Assignment
Please write out all of the entries beneath this line exactly, skipping the pictures.

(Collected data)
Content starts

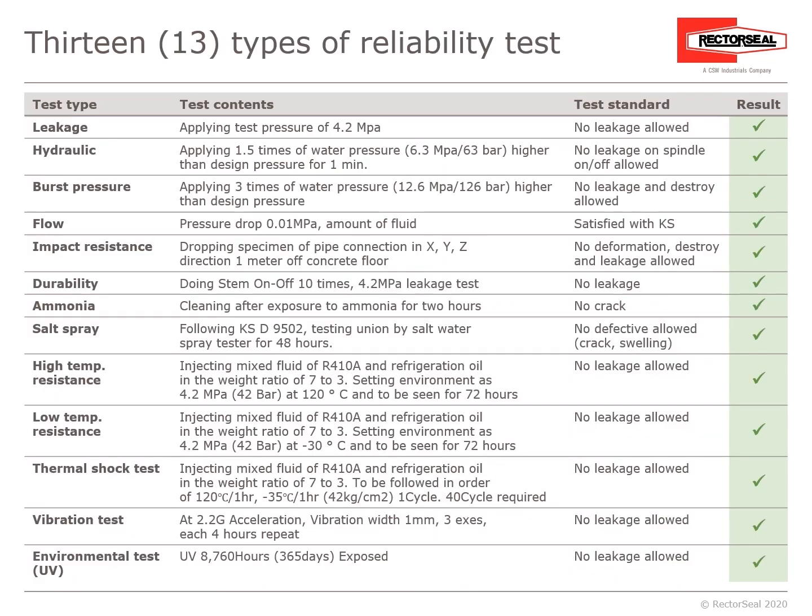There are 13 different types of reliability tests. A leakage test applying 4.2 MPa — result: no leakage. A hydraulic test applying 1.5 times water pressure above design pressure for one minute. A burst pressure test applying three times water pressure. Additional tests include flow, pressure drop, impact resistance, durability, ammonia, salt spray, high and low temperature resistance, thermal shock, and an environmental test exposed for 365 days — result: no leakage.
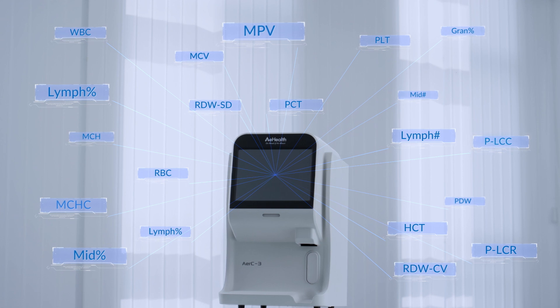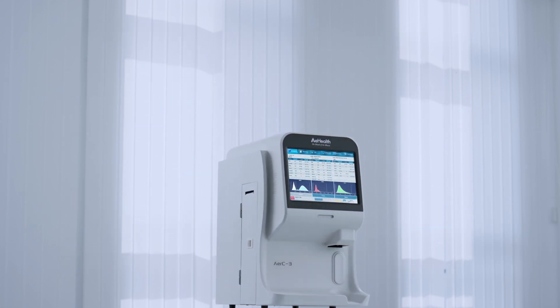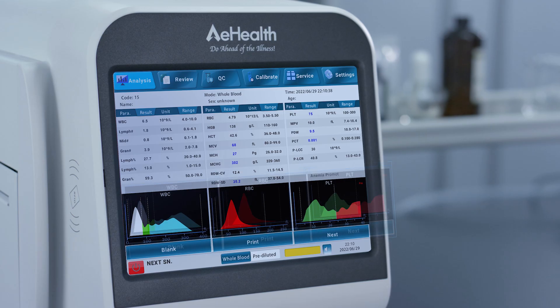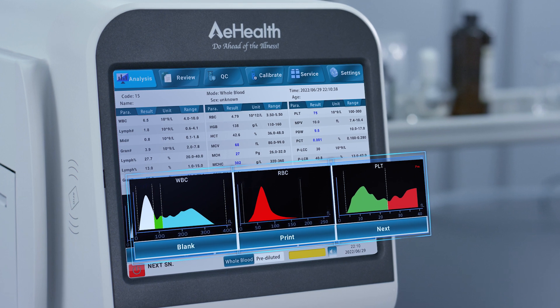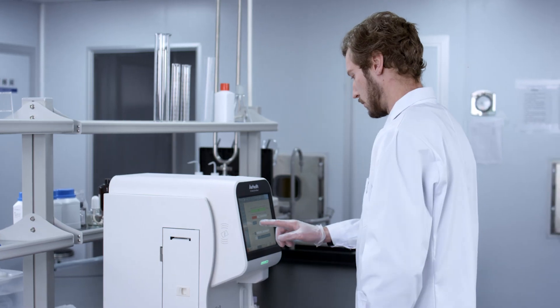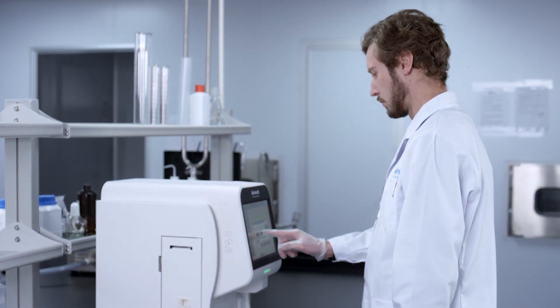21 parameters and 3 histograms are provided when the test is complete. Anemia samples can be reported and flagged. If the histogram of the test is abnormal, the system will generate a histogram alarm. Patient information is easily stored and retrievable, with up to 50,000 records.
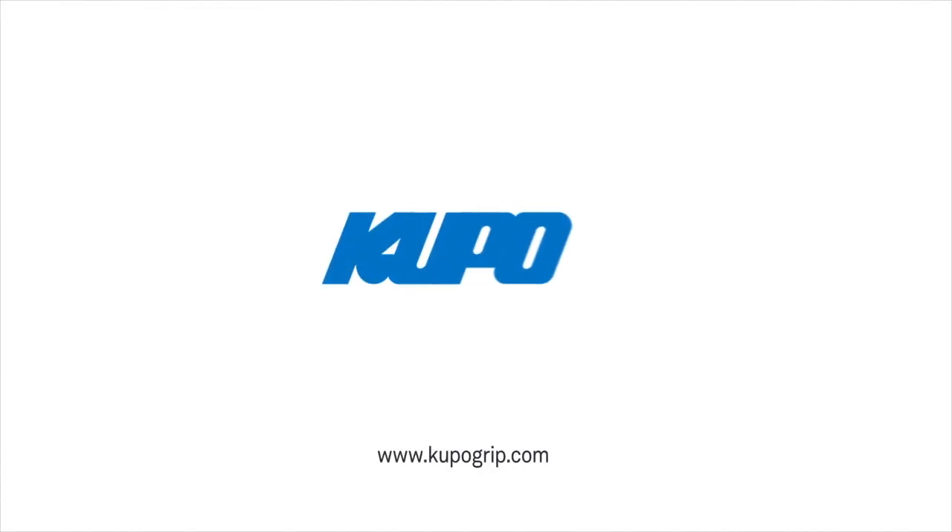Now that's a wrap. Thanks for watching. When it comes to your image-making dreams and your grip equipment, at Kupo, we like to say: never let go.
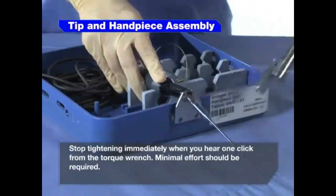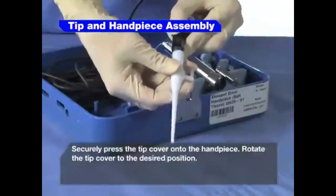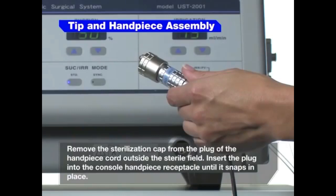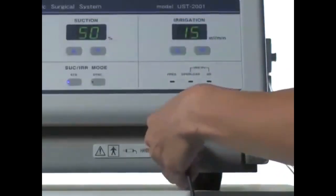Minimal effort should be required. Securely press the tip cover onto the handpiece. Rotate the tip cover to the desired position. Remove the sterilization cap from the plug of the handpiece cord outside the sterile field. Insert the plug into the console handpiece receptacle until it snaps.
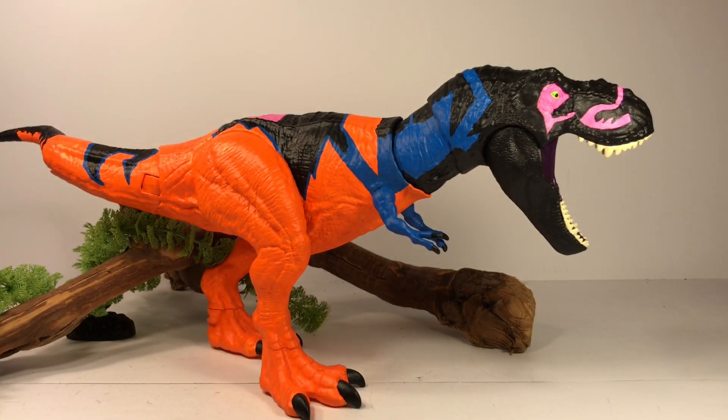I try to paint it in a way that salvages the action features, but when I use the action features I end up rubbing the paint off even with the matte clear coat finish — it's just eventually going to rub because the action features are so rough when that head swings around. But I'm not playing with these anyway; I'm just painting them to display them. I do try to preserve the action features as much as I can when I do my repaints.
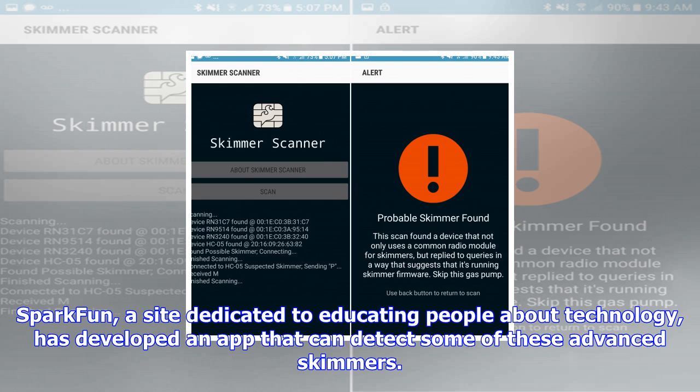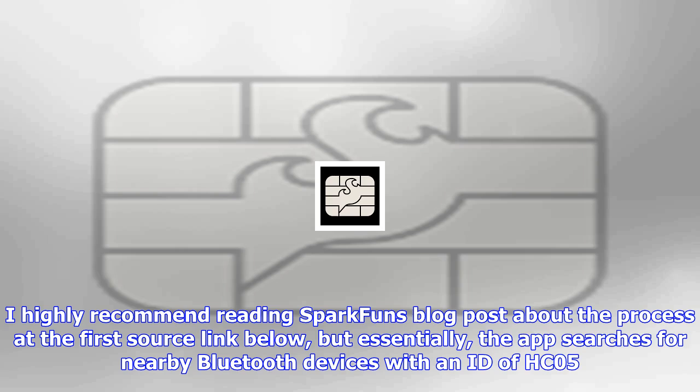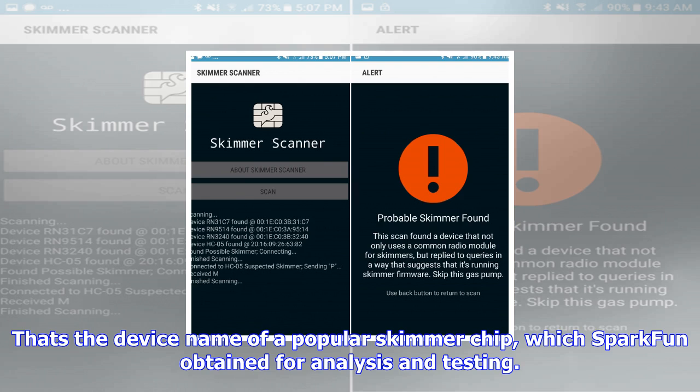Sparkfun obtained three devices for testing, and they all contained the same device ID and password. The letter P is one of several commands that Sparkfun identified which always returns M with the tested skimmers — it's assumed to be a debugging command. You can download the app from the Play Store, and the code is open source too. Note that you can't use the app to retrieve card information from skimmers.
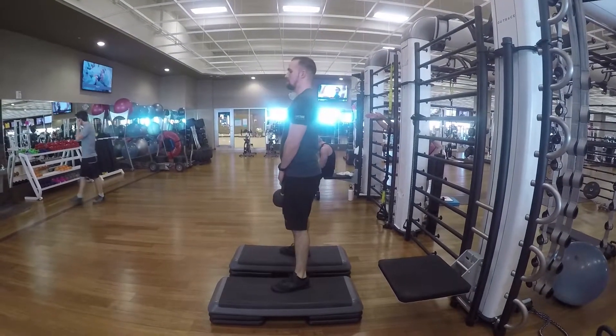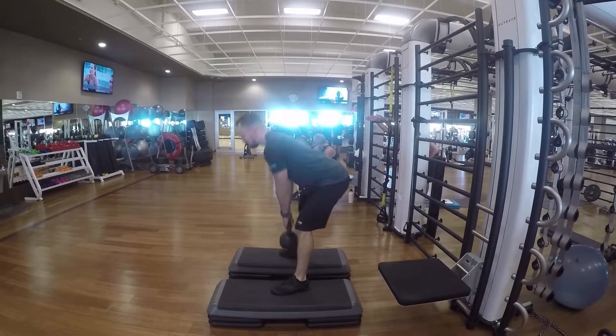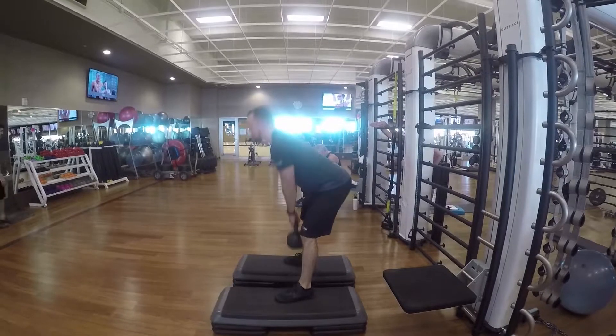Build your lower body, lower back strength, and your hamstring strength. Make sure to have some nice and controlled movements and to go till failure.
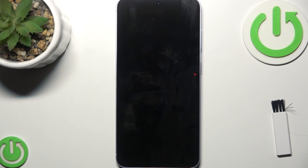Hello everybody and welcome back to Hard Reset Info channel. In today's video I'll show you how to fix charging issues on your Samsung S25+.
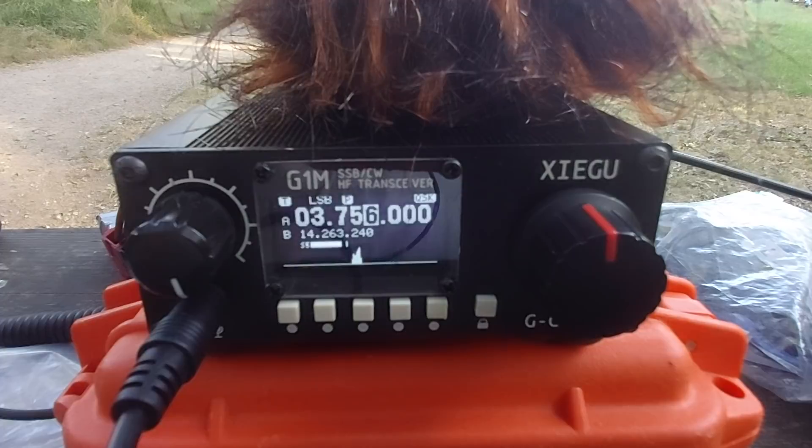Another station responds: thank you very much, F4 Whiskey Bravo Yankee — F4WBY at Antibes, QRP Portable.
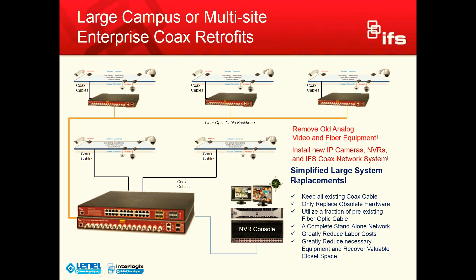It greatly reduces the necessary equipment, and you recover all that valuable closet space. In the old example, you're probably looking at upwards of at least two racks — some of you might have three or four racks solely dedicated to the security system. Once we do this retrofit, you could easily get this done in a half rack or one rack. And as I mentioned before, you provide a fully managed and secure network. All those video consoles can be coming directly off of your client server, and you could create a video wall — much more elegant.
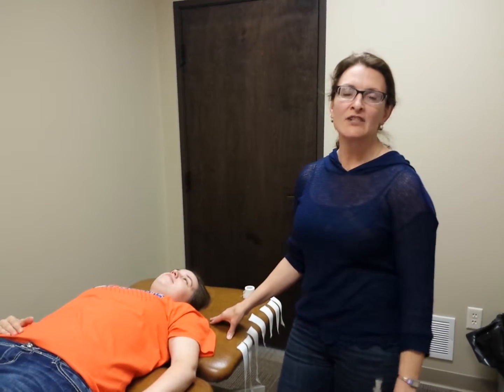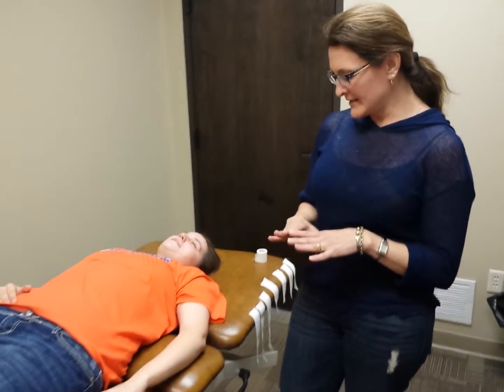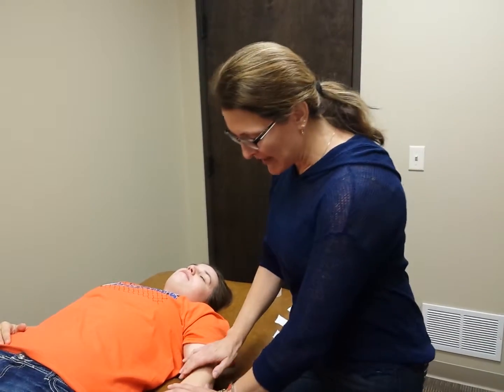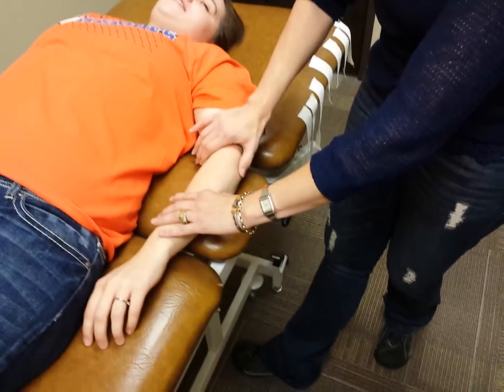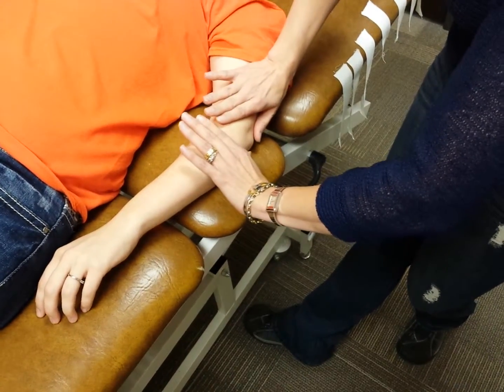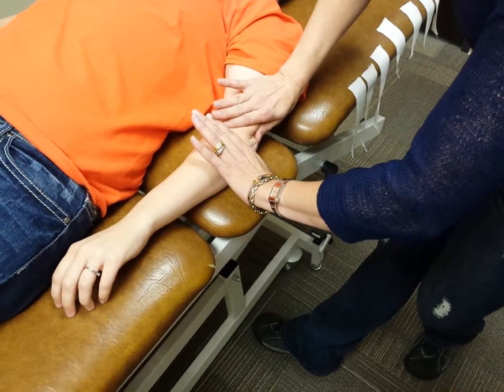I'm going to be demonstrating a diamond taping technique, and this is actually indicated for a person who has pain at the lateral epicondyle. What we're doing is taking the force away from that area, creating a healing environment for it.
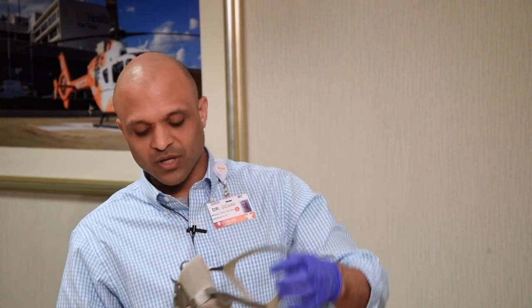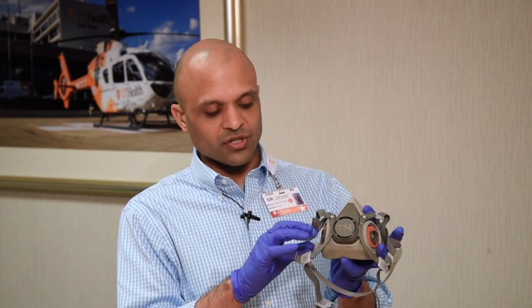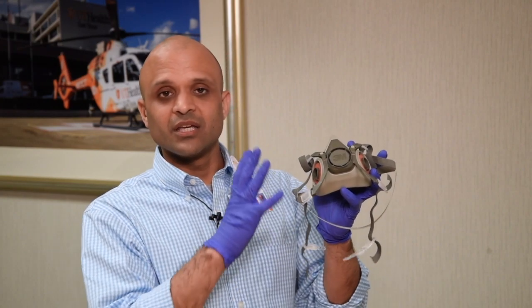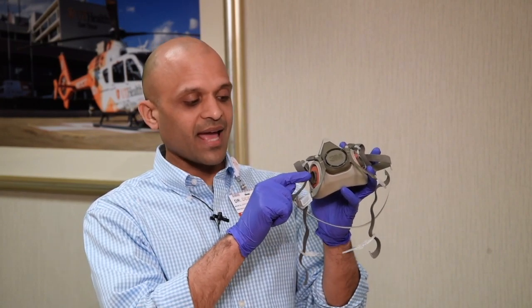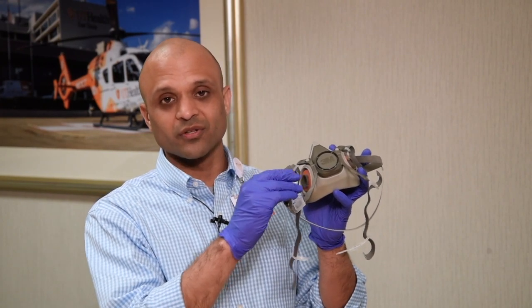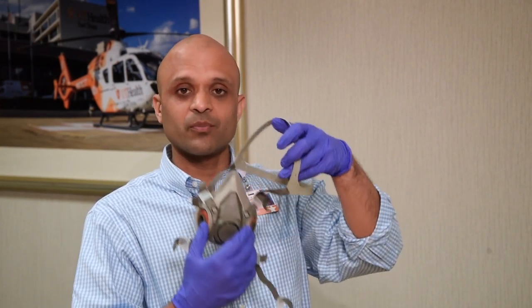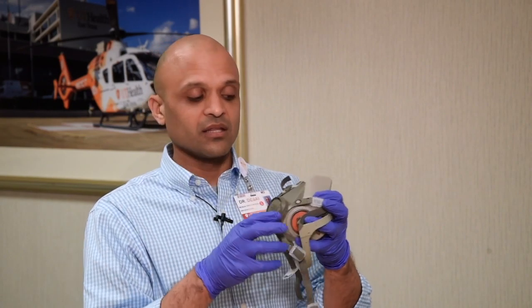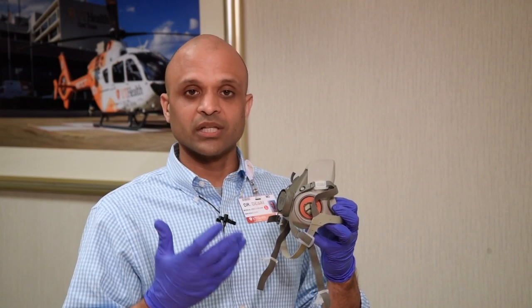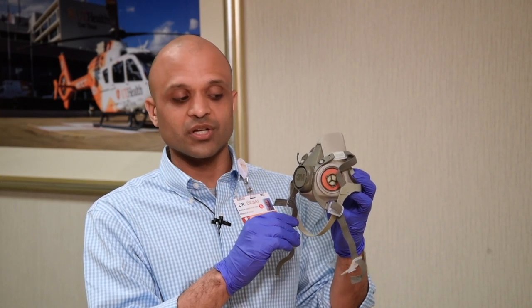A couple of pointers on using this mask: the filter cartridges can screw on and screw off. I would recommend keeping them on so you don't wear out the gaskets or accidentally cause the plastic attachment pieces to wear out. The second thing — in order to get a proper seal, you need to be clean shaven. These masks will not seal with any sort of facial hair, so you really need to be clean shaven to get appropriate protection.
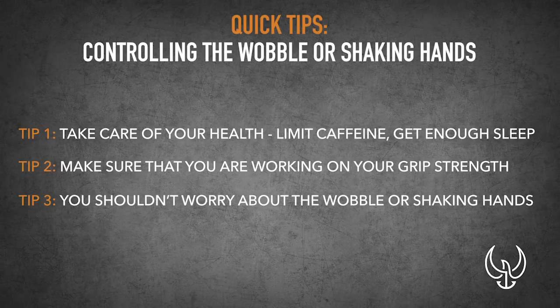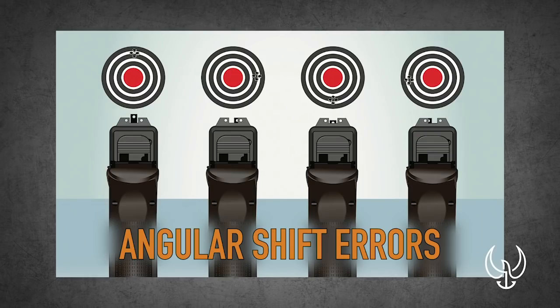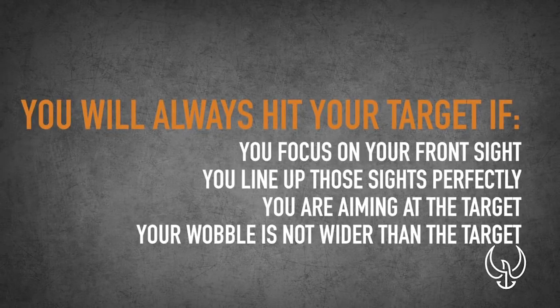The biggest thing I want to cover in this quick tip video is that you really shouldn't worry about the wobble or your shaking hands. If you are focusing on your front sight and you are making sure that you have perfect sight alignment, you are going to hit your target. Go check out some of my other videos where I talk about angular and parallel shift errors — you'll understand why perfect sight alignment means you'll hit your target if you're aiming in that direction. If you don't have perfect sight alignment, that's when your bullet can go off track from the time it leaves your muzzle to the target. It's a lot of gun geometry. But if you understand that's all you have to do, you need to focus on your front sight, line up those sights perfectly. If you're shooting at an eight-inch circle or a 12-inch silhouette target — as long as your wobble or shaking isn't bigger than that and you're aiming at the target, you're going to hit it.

Content ends

Output below
There are 13 different types of reliability tests. A leakage test applying 4.2 MPa — result: no leakage. A hydraulic test applying 1.5 times water pressure above design pressure for one minute. A burst pressure test applying three times water pressure. Additional tests include flow, pressure drop, impact resistance, durability, ammonia, salt spray, high and low temperature resistance, thermal shock, and an environmental test exposed for 365 days — result: no leakage.
21 parameters and 3 histograms are provided when the test is complete. Anemia samples can be reported and flagged. If the histogram of the test is abnormal, the system will generate a histogram alarm. Patient information is easily stored and retrievable, with up to 50,000 records.
Now that's a wrap. Thanks for watching. When it comes to your image-making dreams and your grip equipment, at Kupo, we like to say: never let go.
Minimal effort should be required. Securely press the tip cover onto the handpiece. Rotate the tip cover to the desired position. Remove the sterilization cap from the plug of the handpiece cord outside the sterile field. Insert the plug into the console handpiece receptacle until it snaps.
I try to paint it in a way that salvages the action features, but when I use the action features I end up rubbing the paint off even with the matte clear coat finish — it's just eventually going to rub because the action features are so rough when that head swings around. But I'm not playing with these anyway; I'm just painting them to display them. I do try to preserve the action features as much as I can when I do my repaints.
Sparkfun obtained three devices for testing, and they all contained the same device ID and password. The letter P is one of several commands that Sparkfun identified which always returns M with the tested skimmers — it's assumed to be a debugging command. You can download the app from the Play Store, and the code is open source too. Note that you can't use the app to retrieve card information from skimmers.
Build your lower body, lower back strength, and your hamstring strength. Make sure to have some nice and controlled movements and to go till failure.
Hello everybody and welcome back to Hard Reset Info channel. In today's video I'll show you how to fix charging issues on your Samsung S25+.
Another station responds: thank you very much, F4 Whiskey Bravo Yankee — F4WBY at Antibes, QRP Portable.
It greatly reduces the necessary equipment, and you recover all that valuable closet space. In the old example, you're probably looking at upwards of at least two racks — some of you might have three or four racks solely dedicated to the security system. Once we do this retrofit, you could easily get this done in a half rack or one rack. And as I mentioned before, you provide a fully managed and secure network. All those video consoles can be coming directly off of your client server, and you could create a video wall — much more elegant.
I'm going to be demonstrating a diamond taping technique, and this is actually indicated for a person who has pain at the lateral epicondyle. What we're doing is taking the force away from that area, creating a healing environment for it.
A couple of pointers on using this mask: the filter cartridges can screw on and screw off. I would recommend keeping them on so you don't wear out the gaskets or accidentally cause the plastic attachment pieces to wear out. The second thing — in order to get a proper seal, you need to be clean shaven. These masks will not seal with any sort of facial hair, so you really need to be clean shaven to get appropriate protection.
The biggest thing I want to cover in this quick tip video is that you really shouldn't worry about the wobble or your shaking hands. If you are focusing on your front sight and you are making sure that you have perfect sight alignment, you are going to hit your target. Go check out some of my other videos where I talk about angular and parallel shift errors — you'll understand why perfect sight alignment means you'll hit your target if you're aiming in that direction. If you don't have perfect sight alignment, that's when your bullet can go off track from the time it leaves your muzzle to the target. It's a lot of gun geometry. But if you understand that's all you have to do, you need to focus on your front sight, line up those sights perfectly. If you're shooting at an eight-inch circle or a 12-inch silhouette target — as long as your wobble or shaking isn't bigger than that and you're aiming at the target, you're going to hit it.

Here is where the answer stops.